SLP introduces some redundant vector computations:

typedef double f64v2 __attribute__((vector_size(16)));

void f3(void)
{
        double x1 = 0, x2 = 0, x3 = 0;

        f64v2 x32 = { 0 }, x21 = { 0 };

        for (int i = 0; i < 99; ) {
                x3 = B * one + x21[1] * b1 + x2 * b2 + x3 * b3;

                f64v2 x13b1 = { x21[1] * b1, x3 * b1 };

                x32 = B * one + x13b1 + x21 * b2 + x32 * b3;

                x2 = B * one + x3 * b1 + x1 * b2 + x2 * b3;

                f64v2 x13b2 = { b2 * x1, b2 * x32[0] };

                x21 = B * one + x32 * b1 + x13b2 + x21 * b3;

                x1 = B * one + x2 * b1 + x32[0] * b2 + x1 * b3;

                printf("%d %g\t%a\n", i++, x32[0], x32[0]);
                printf("%d %g\t%a\n", i++, x32[1], x32[1]);
                printf("%d %g\t%a\n", i++, x21[1], x21[1]);
        }
}

Note that this is still bit-identical to the initial function.

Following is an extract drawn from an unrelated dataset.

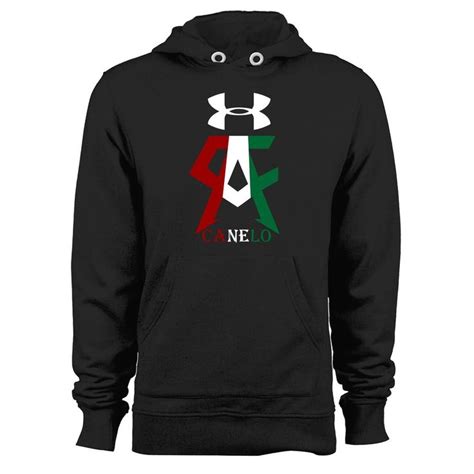 Canelo Alvarez Logo Merchandise Unisex Hoodie | Unisex hoodies, Hoodies ...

But then
tree-ssa-math-opts "randomly" forms some FMAs:

f64v2 vfma(f64v2 x, f64v2 y, f64v2 z)
{
        return (f64v2){ fma(x[0], y[0], z[0]), fma(x[1], y[1], z[1]) };
}

void f4(void)
{
        f64v2 vone = { one, one }, vB = { B, B };
        f64v2 vb1 = { b1, b1 }, vb2 = { b2, b2 }, vb3 = { b3, b3 };

        double x1 = 0, x2 = 0, x3 = 0;

        f64v2 x32 = { 0 }, x21 = { 0 };

        for (int i = 0; i < 99; ) {
                x3 = fma(b3, x3, fma(b2, x2, fma(B, one, x21[1] * b1)));

                f64v2 x13b1 = { x21[1] * b1, x3 * b1 };

                x32 = vfma(vb3, x32, vfma(vb2, x21, vfma(vB, vone, x13b1)));

                x2 = fma(b3, x2, b2 * x1 + fma(B, one, x3 * b1));

                f64v2 x13b2 = { b2 * x1, b2 * x32[0] };

                x21 = vfma(vb3, x21, x13b2 + vfma(vB, vone, x32 * vb1));

                x1 = fma(b3, x1, b2 * x32[0] + fma(B, one, b1 * x2));

                printf("%d %g\t%a\n", i++, x32[0], x32[0]);
                printf("%d %g\t%a\n", i++, x32[1], x32[1]);
                printf("%d %g\t%a\n", i++, x21[1], x21[1]);
        }
}

and here some of the redundantly computed values are computed differently
depending on where rounding after multiplication was omitted. Somehow this is
enough to make the computation explode numerically.